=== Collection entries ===
---------------
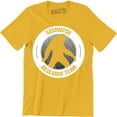 thumbnail image 1 of Finding Sasquatch Research Team Funny Gift Big Foot Gone Squatchin Men T-Shirt, 1 of 4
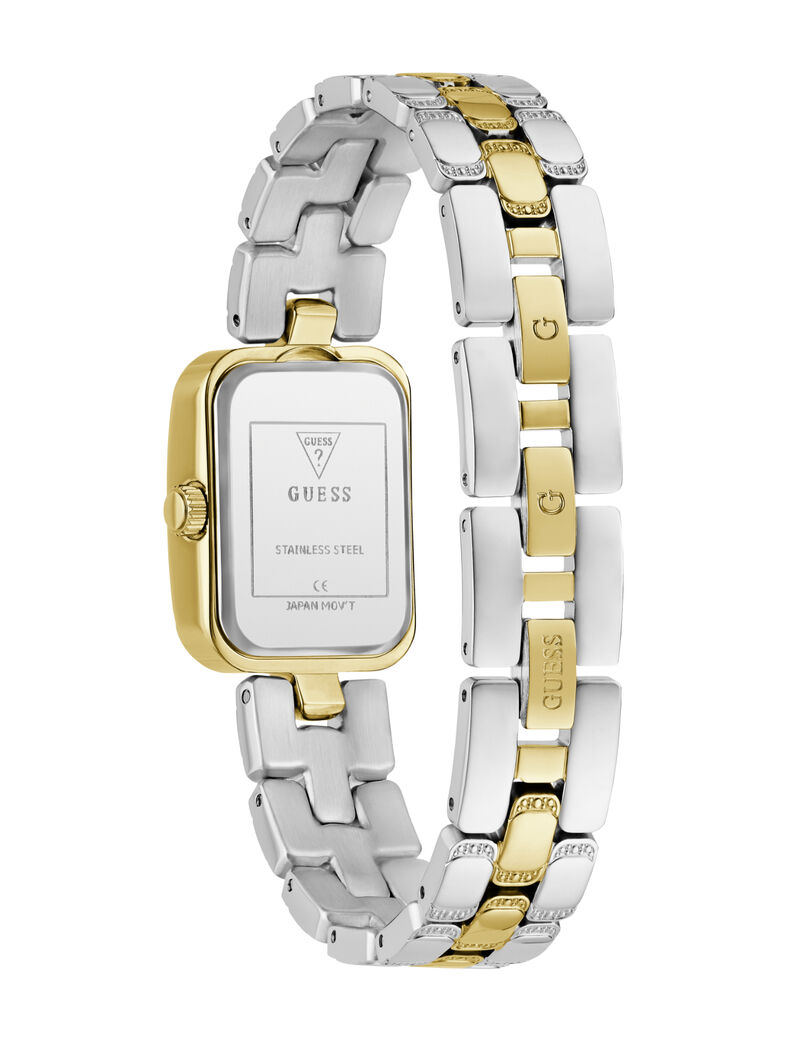 Ladies 2-Tone Gold Tone Analog Watch
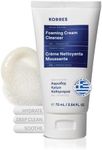 KORRES Greek Yoghurt Foaming Cream Cleanser 75 Ml, 2.5 fl. oz.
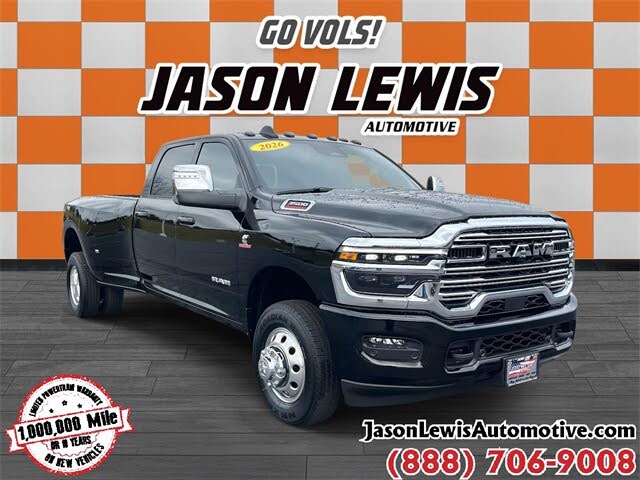 2026 RAM 3500 Laramie Crew Cab LB DRW 4WD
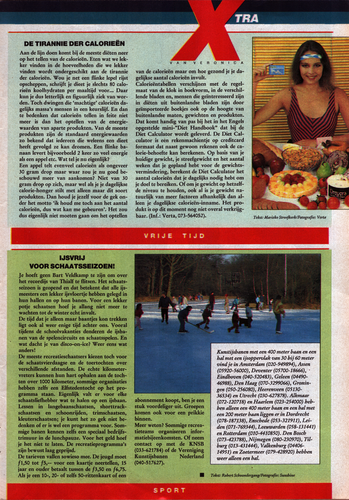 Veronica Radio TV 115 Weekblad 13 tot en met 19. Oktober 1990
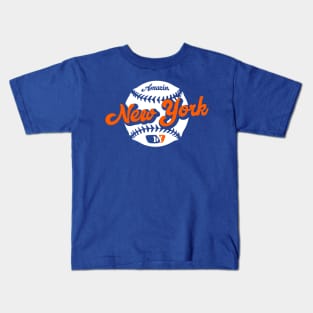 New York Baseball Kids T-Shirt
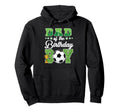 Soccer Dad Birthday Party Soccer Hoodie - Custom Art Print Men Women - T-Shirt, Sweatshirt, Hoodie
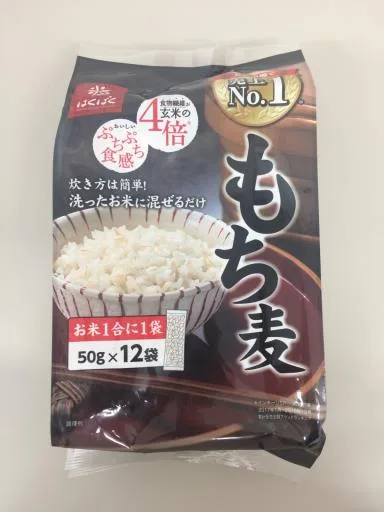 糯麥 外包裝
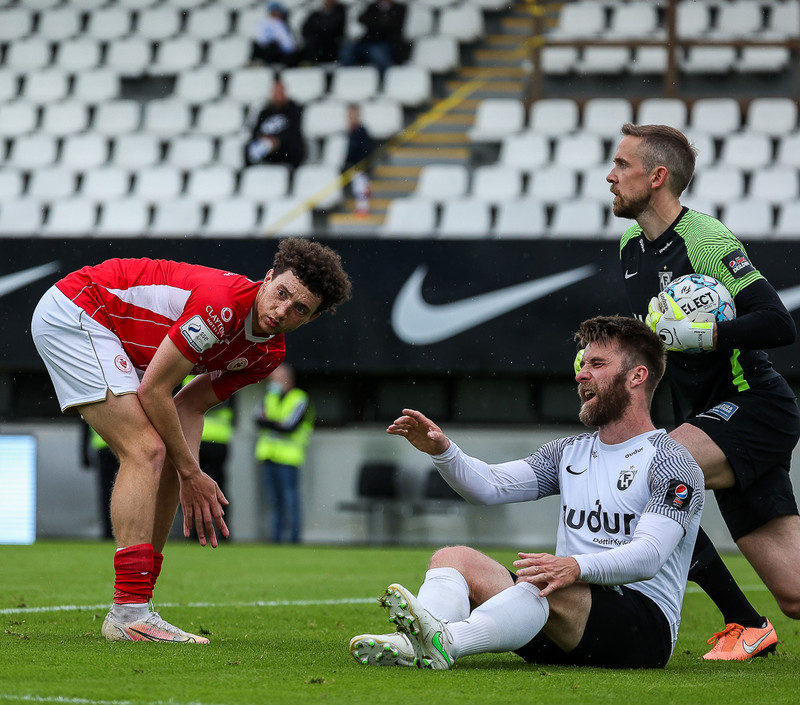 Myndaveisla: FH vann Sligo Rovers í fyrri leiknum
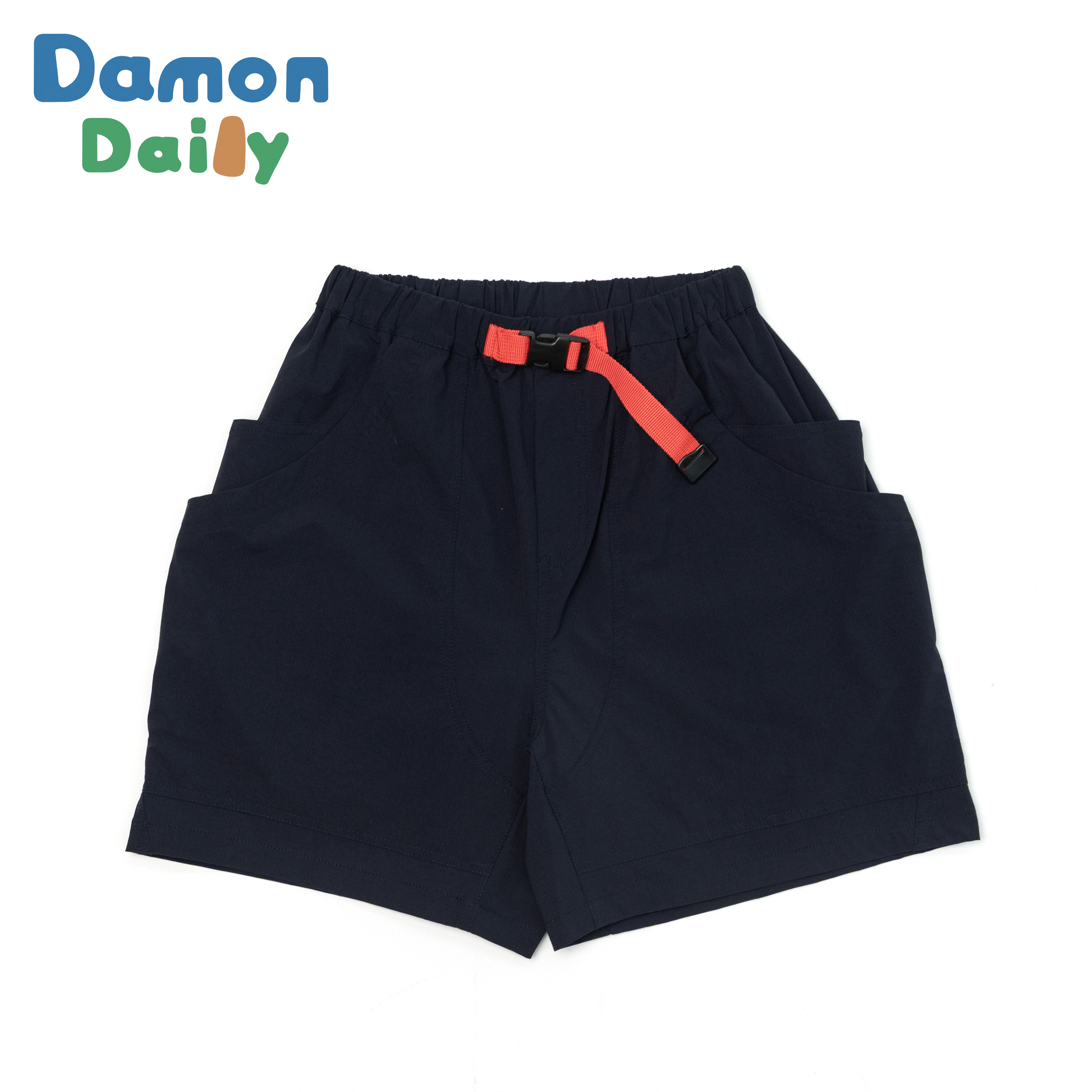 DAMON户外速干撞色立体侧袋短裤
---------------
=== Task prompt ===
The lines to repeat start at the one holding "KORRES Greek Yoghurt" and run through the last line of the records above; write them out exactly, both ends included, but not the pictures.

=== Exercise solution ===
 KORRES Greek Yoghurt Foaming Cream Cleanser 75 Ml, 2.5 fl. oz.
 2026 RAM 3500 Laramie Crew Cab LB DRW 4WD
 Veronica Radio TV 115 Weekblad 13 tot en met 19. Oktober 1990
 New York Baseball Kids T-Shirt
 Soccer Dad Birthday Party Soccer Hoodie - Custom Art Print Men Women - T-Shirt, Sweatshirt, Hoodie
 糯麥 外包裝
 Myndaveisla: FH vann Sligo Rovers í fyrri leiknum
 DAMON户外速干撞色立体侧袋短裤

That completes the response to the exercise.